Data for this exercise START

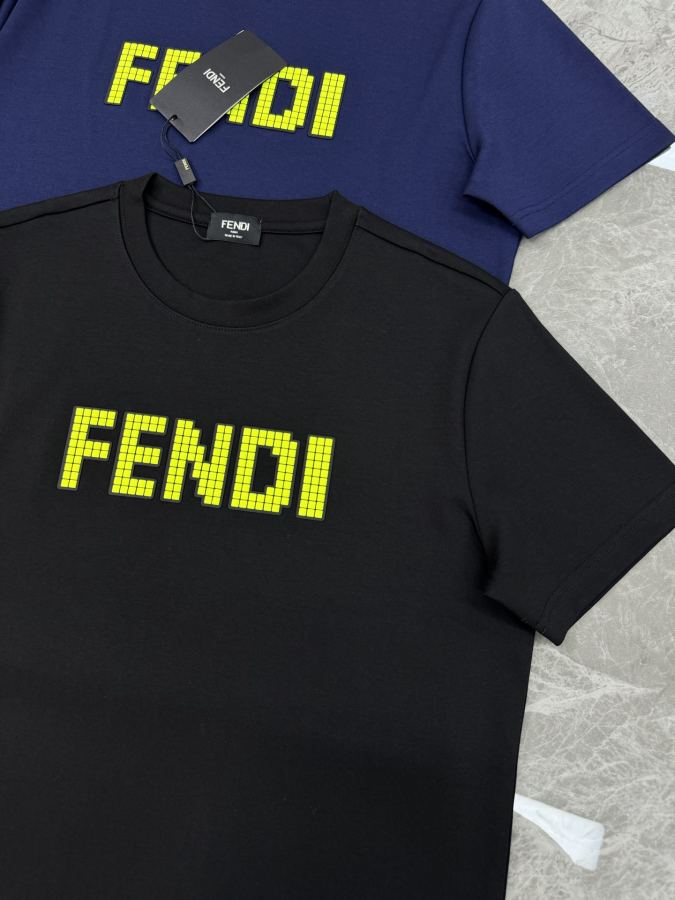 Fendi men FEND*Fendi New Arrival T 300g M-3 XL S 4 XL 175 | 140 L — AAA Quality Replica — photo 3
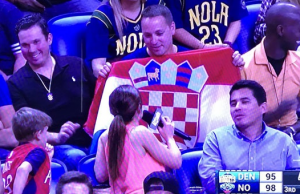 HRVAT ‘PRLJAVO’ PROVOCIRAO JOKIĆA: Uvrede na račun Srbina koje govore samo o jednoj strani (VIDEO)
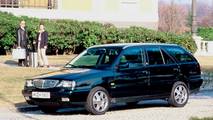 Lancia Dedra, la storia per immagini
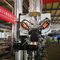 IG Cam Dikey Tip Kurutucu Dolum Makinesi Otomatik Sızdırmazlık Yüksek Verimli Başlatma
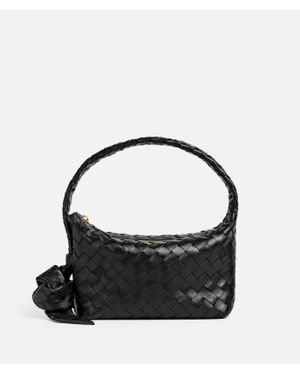 Bottega Veneta Easy Hobo - Schwarz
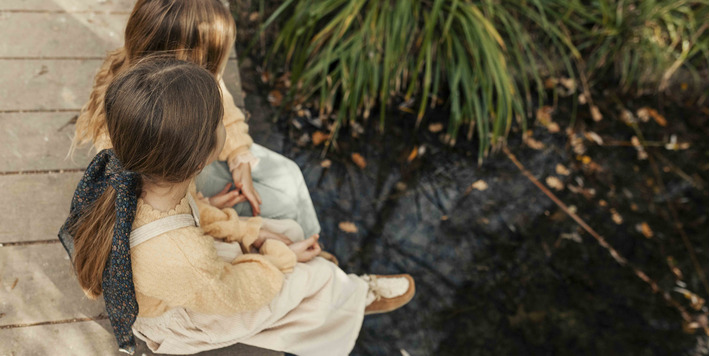 Buho - 'Beloved Serenety' Wherever we are in harmony with nature AW23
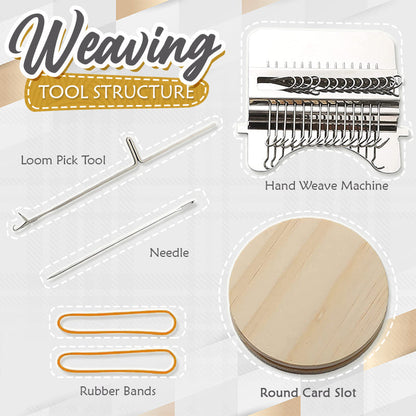 Needle Threader for Quick Sewing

Data for this exercise END

Please repeat every record above exactly, but leave out the pictures.

▶ [Answer space]
 Fendi men FEND*Fendi New Arrival T 300g M-3 XL S 4 XL 175 | 140 L — AAA Quality Replica — photo 3
 HRVAT ‘PRLJAVO’ PROVOCIRAO JOKIĆA: Uvrede na račun Srbina koje govore samo o jednoj strani (VIDEO)
 Lancia Dedra, la storia per immagini
 IG Cam Dikey Tip Kurutucu Dolum Makinesi Otomatik Sızdırmazlık Yüksek Verimli Başlatma
 Bottega Veneta Easy Hobo - Schwarz
 Buho - 'Beloved Serenety' Wherever we are in harmony with nature AW23
 Needle Threader for Quick Sewing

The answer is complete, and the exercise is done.